INSTRUCTIONS FOR THE TASK: Copy all the records exactly, but keep the pictures out of your version.

● ● ●

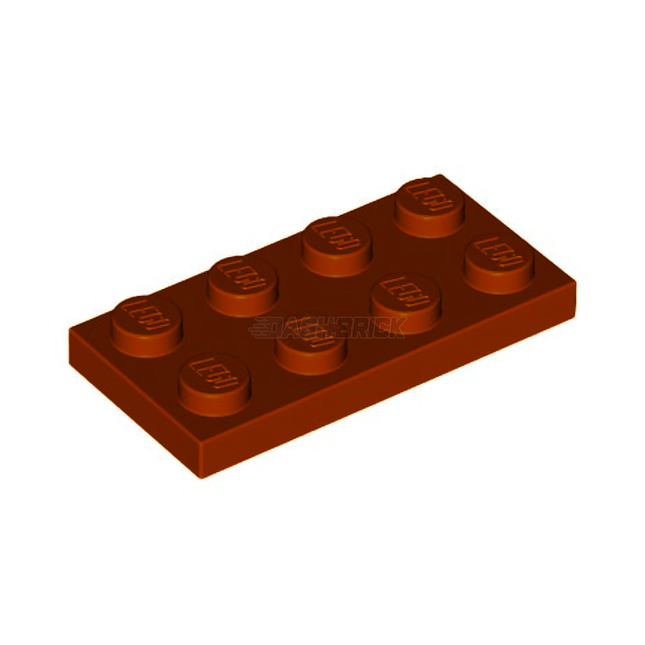 LEGO Plate 2 x 4, Dark Orange [3020] 6097511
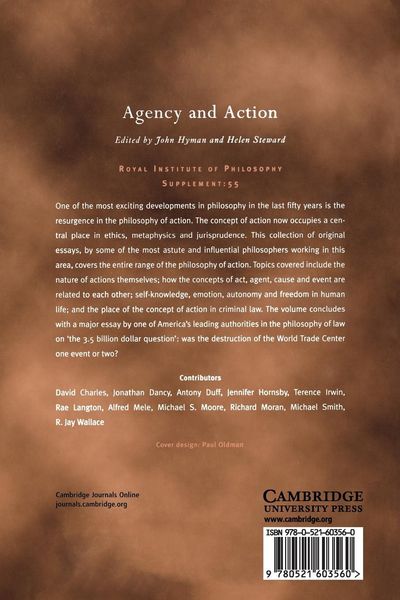 Produktbild: Agency and Action
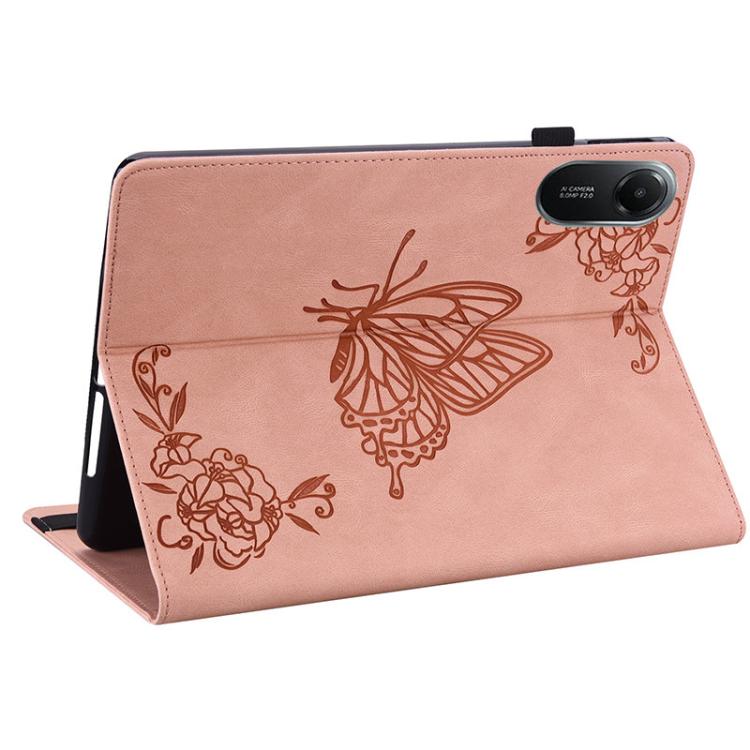 For Redmi Pad 2 / Redmi Pad SE 11 2025 Butterfly Flower Embossed Leather Tablet Case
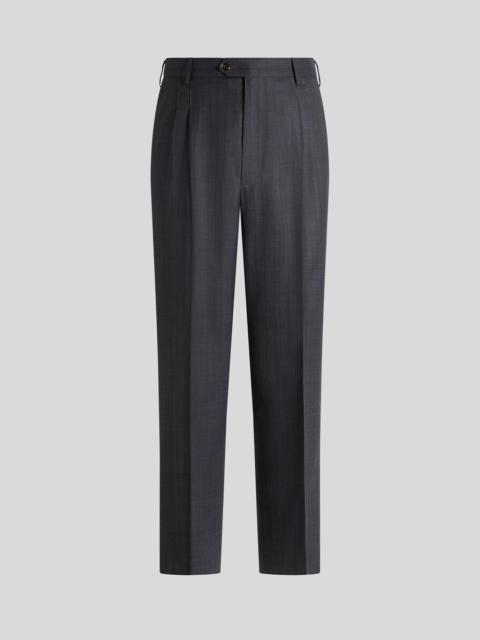 WOOL JACQUARD TROUSERS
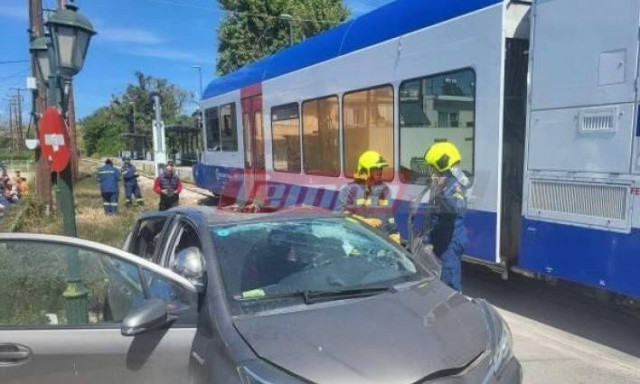 Hellenic Train για τη σύγκρουση τρένου με όχημα στην Πάτρα: Το ΙΧ παραβίασε τη φυλασσόμενη διάβαση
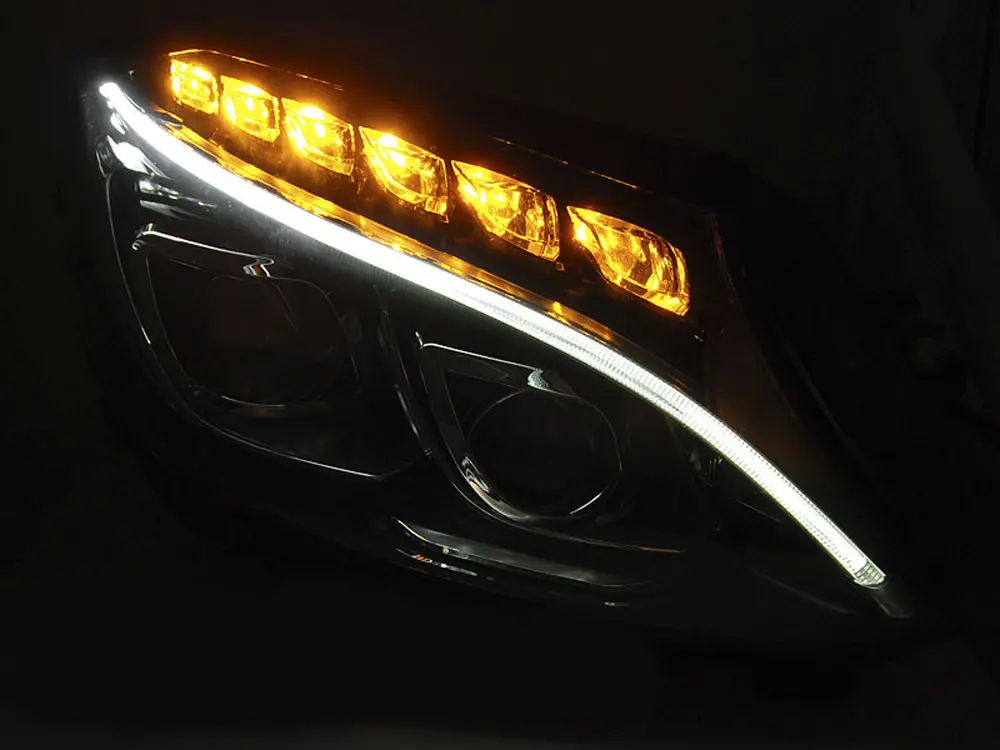 Frontlykter Mercedes-Benz C-Klasse (W205) 2014-2018 TRUE DRL BLACK – bilde 3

● ● ●

SOLUTION TO THIS TASK:
 LEGO Plate 2 x 4, Dark Orange [3020] 6097511
 Produktbild: Agency and Action
 For Redmi Pad 2 / Redmi Pad SE 11 2025 Butterfly Flower Embossed Leather Tablet Case
 WOOL JACQUARD TROUSERS
 Hellenic Train για τη σύγκρουση τρένου με όχημα στην Πάτρα: Το ΙΧ παραβίασε τη φυλασσόμενη διάβαση
 Frontlykter Mercedes-Benz C-Klasse (W205) 2014-2018 TRUE DRL BLACK – bilde 3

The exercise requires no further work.